## WORK TASK
Once the line with "5th Avenue Apple" is found, repeat it and all later lines exactly through the end of the listing below, with the pictures left out.
----------------
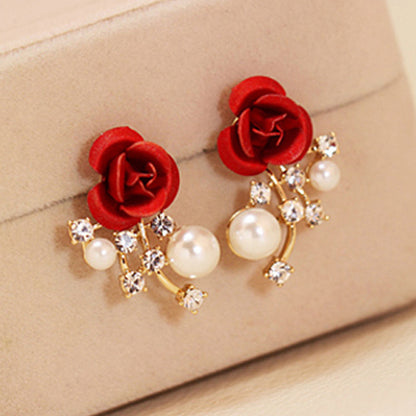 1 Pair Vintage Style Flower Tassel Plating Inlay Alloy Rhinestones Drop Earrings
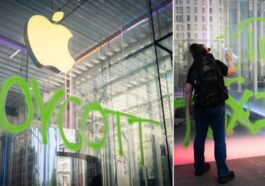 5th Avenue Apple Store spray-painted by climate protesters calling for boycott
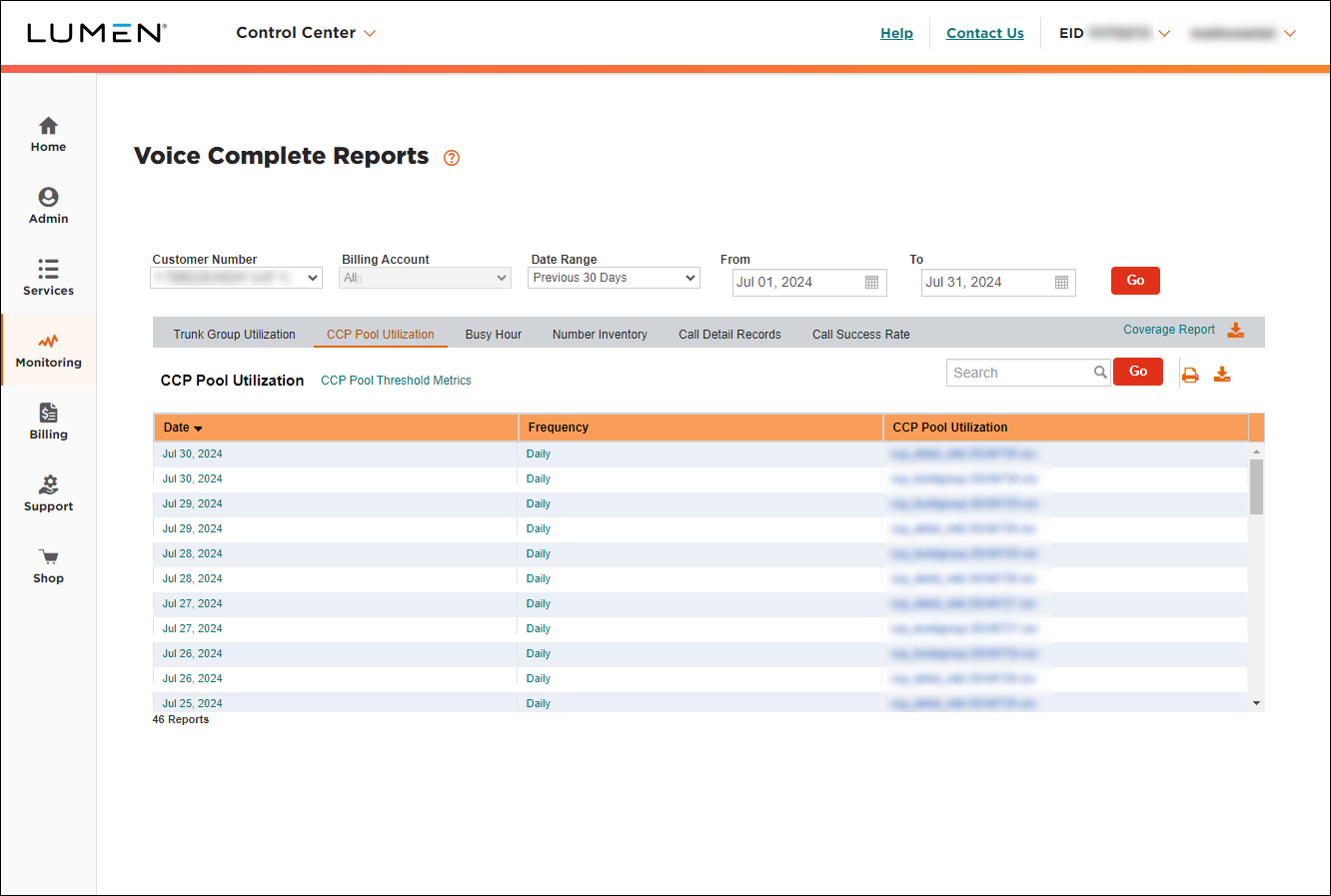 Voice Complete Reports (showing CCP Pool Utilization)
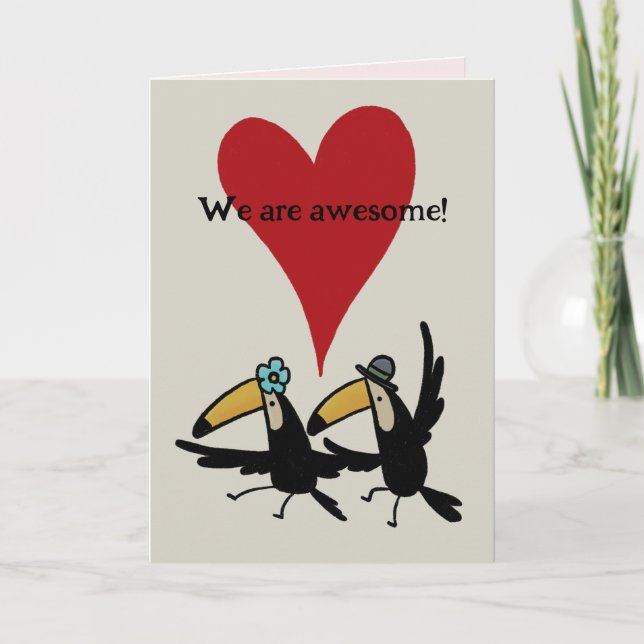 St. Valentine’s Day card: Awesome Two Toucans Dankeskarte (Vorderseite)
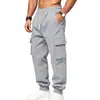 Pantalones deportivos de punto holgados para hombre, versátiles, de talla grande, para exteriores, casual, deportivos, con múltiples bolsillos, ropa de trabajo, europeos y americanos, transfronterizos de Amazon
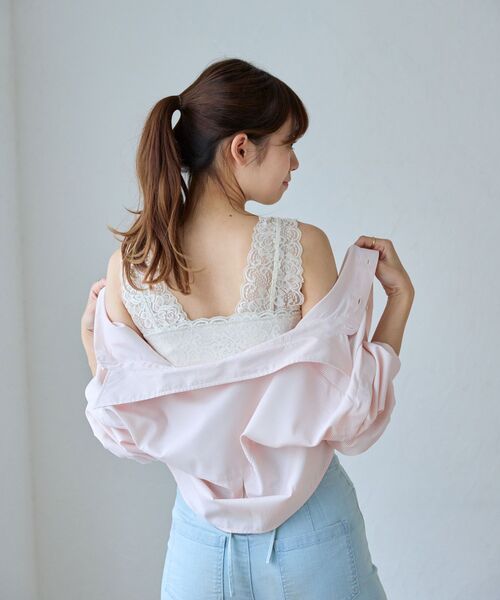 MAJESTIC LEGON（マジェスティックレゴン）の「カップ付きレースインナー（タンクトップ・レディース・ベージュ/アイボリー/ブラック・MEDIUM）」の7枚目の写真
----------------
## OUTPUT
 5th Avenue Apple Store spray-painted by climate protesters calling for boycott
 Voice Complete Reports (showing CCP Pool Utilization)
 St. Valentine’s Day card: Awesome Two Toucans Dankeskarte (Vorderseite)
 Pantalones deportivos de punto holgados para hombre, versátiles, de talla grande, para exteriores, casual, deportivos, con múltiples bolsillos, ropa de trabajo, europeos y americanos, transfronterizos de Amazon
 MAJESTIC LEGON（マジェスティックレゴン）の「カップ付きレースインナー（タンクトップ・レディース・ベージュ/アイボリー/ブラック・MEDIUM）」の7枚目の写真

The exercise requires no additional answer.